Затем обе, перебивая друг друга, затрещали, что нынче они приехали на уборку картофеля немного раньше обычного, дескать, пока хорошая погода стоит, а то скоро начнётся ненастье, а Илме, наверно, приятнее будет, если картофель уберут посуху.
Илму так и подмывало осадить их, сказав, что она не приглашала их приезжать раньше, но она удержалась и тихим скорбным голосом сообщила, что умерла мать и они угодили не на уборку картофеля, а на похороны. К великому изумлению Илмы, для женщин это не было неожиданностью. Они чуть ли не обрадованно переглянулись, и вдруг Маленькая извлекла из недр своей сумки чекушку водки и кусок чайной колбасы и, отдав это Илме, пояснила, что это их доля поминального обеда. Пусть не побрезгует.
Отдав гостинец, они сразу почувствовали себя полноправными участницами похорон. Их интересовали сарай, сад, навес. Всё следовало осмотреть, а для верности кое-что руками пощупать.
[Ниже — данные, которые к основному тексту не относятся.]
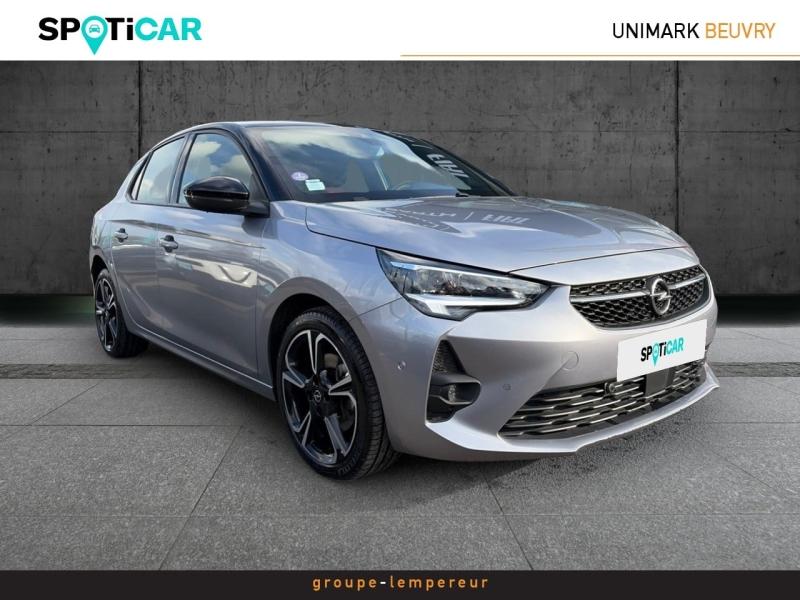 Photo OPEL Corsa 1.2 Turbo 100ch GS Line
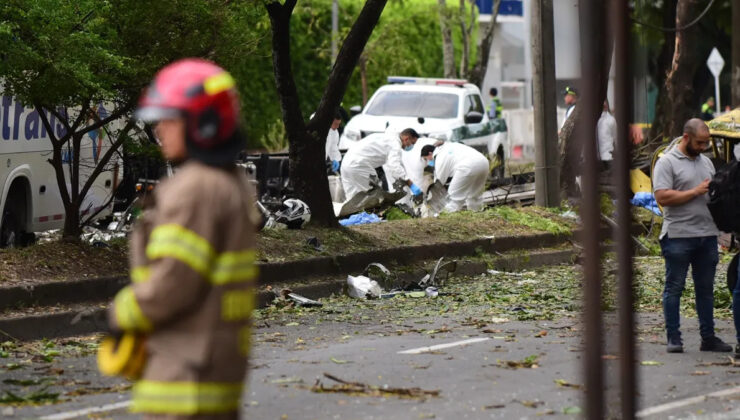 Kolombiya’da ordu ve polise saldırıda bilanço: 18 ölü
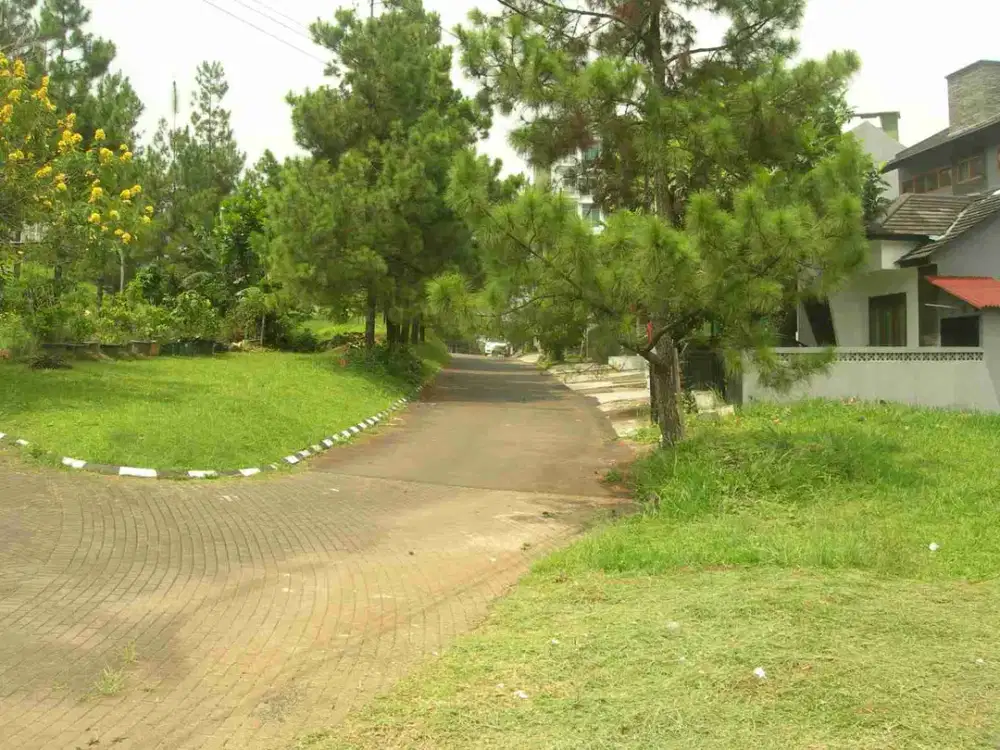 Dijual tanah di Setiabudi Terrace Bandung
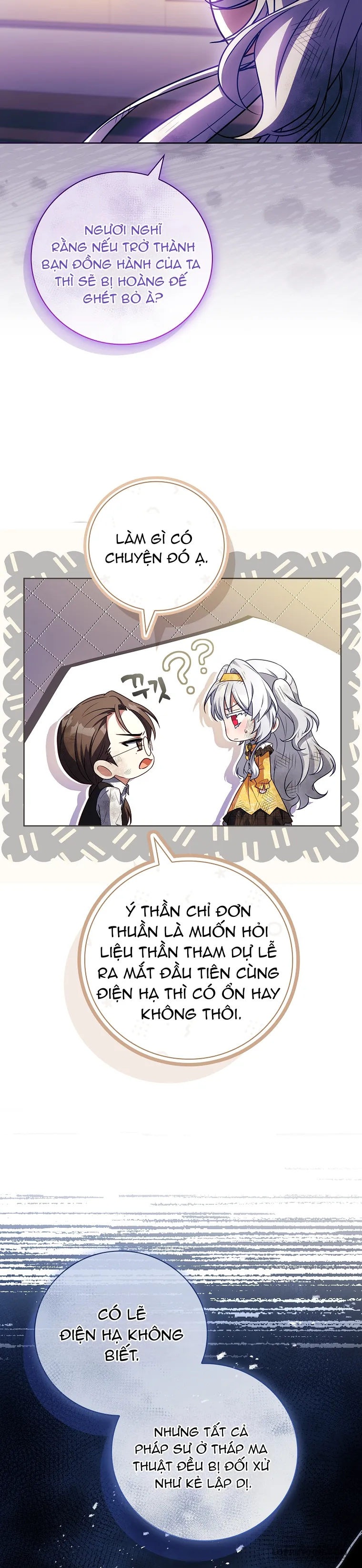 Cha Nào Con Nấy - Chap 11 - Trang 36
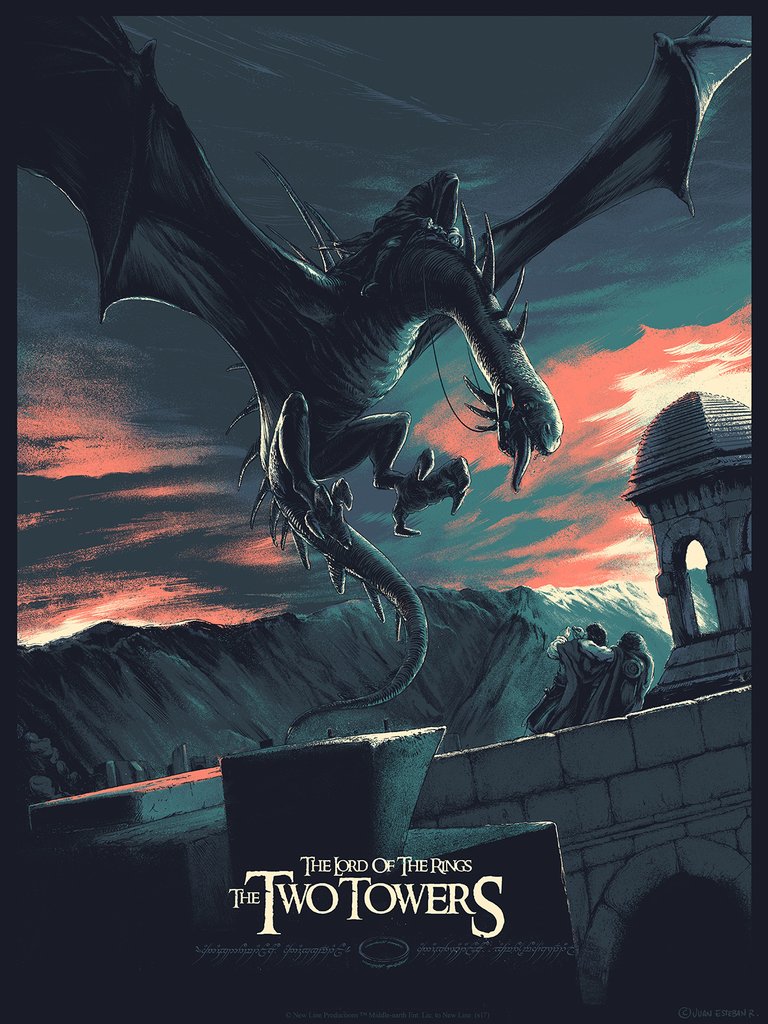The Lord of the Rings The Two Towers Regular.jpg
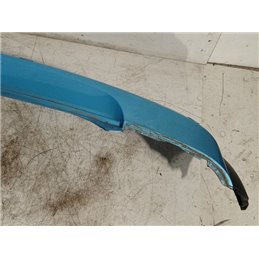 MINI HATCHBACK Hátsó Lökhárító (Üresen)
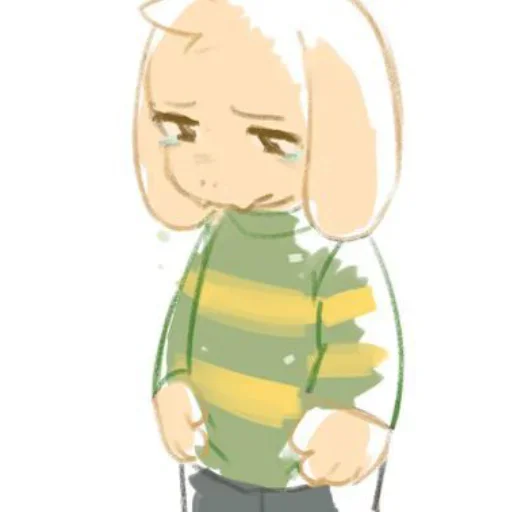 Стикер Папайрус и спагетти канон. : : @Stickers - 2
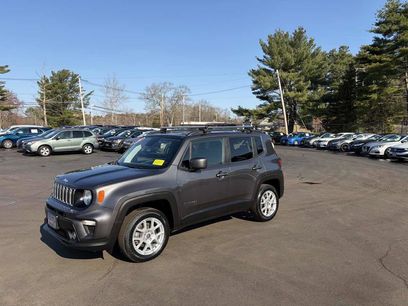 Used 2020 Jeep Renegade Latitude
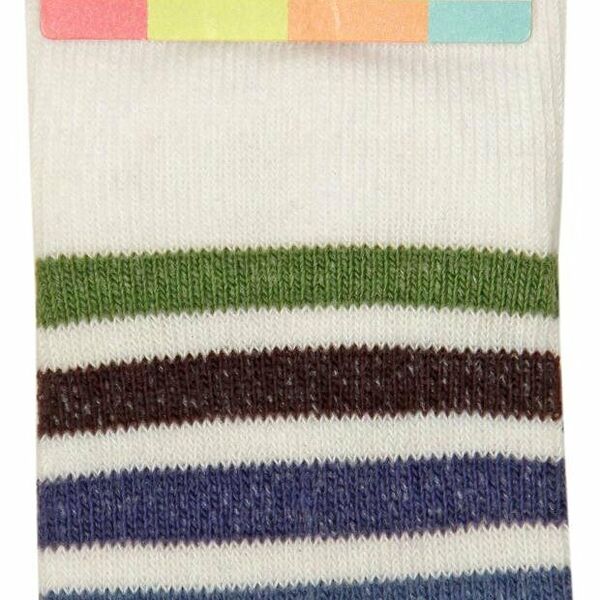 Носки детские Tiny-Viny FD41N4 белые, р. 10-12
За несколько часов они уже о многом получили более ясное представление, чем сама Илма. Например, о том, что каштановая курица как будто собирается клохтать, а у подсвинка слезятся глаза, надо пощупать в пахах — нет ли жара. Они уже попытались, а он, дурачок, не даётся, чуть палец Маленькой не откусил. Наконец они добрались до чулана с большим висячим замком на двери. Повозившись с замком некоторое время, они отступили перед этой незанятой крепостью.
О Лиене они вспомнили только вечером. До этого их больше интересовало содержимое котлов и духовки. И лишь когда подготовка к поминальному обеду подходила к концу, они выразили желание проведать покойницу.
Сочувственно вздыхая — дескать, все под богом ходим, — они состроили торжественные физиономии и прошли в комнату Лиены. За ними последовала Илма.
Придя с фермы, Гундега увидела, как все три скрылись за дверью.
"Бедная бабушка!"
Из комнаты донёсся приглушённый разговор, затем тихое бормотание — вероятно, читали молитву.
Какая нелепая случайность, что на похоронах бабушки будут присутствовать именно те люди, которых она терпеть не могла! Они будут разглядывать её гроб, одежду, лицо, а затем начнут осуждать, злословить, как раньше злословили о живой Лиене, и никто не защитит её от беззастенчивых взглядов, никто не захлопнет дверь перед любопытными кумушками…
"Бабушка, прости, что я не могу уберечь тебя от этого…"
Всё было готово и шло по заведённому порядку, похороны должны были быть приличными. Приедет пастор, усердно будет звонить Аболс, куплен дорогой гроб и приготовлен богатый поминальный обед. Всё, всё будет хорошо, только… только…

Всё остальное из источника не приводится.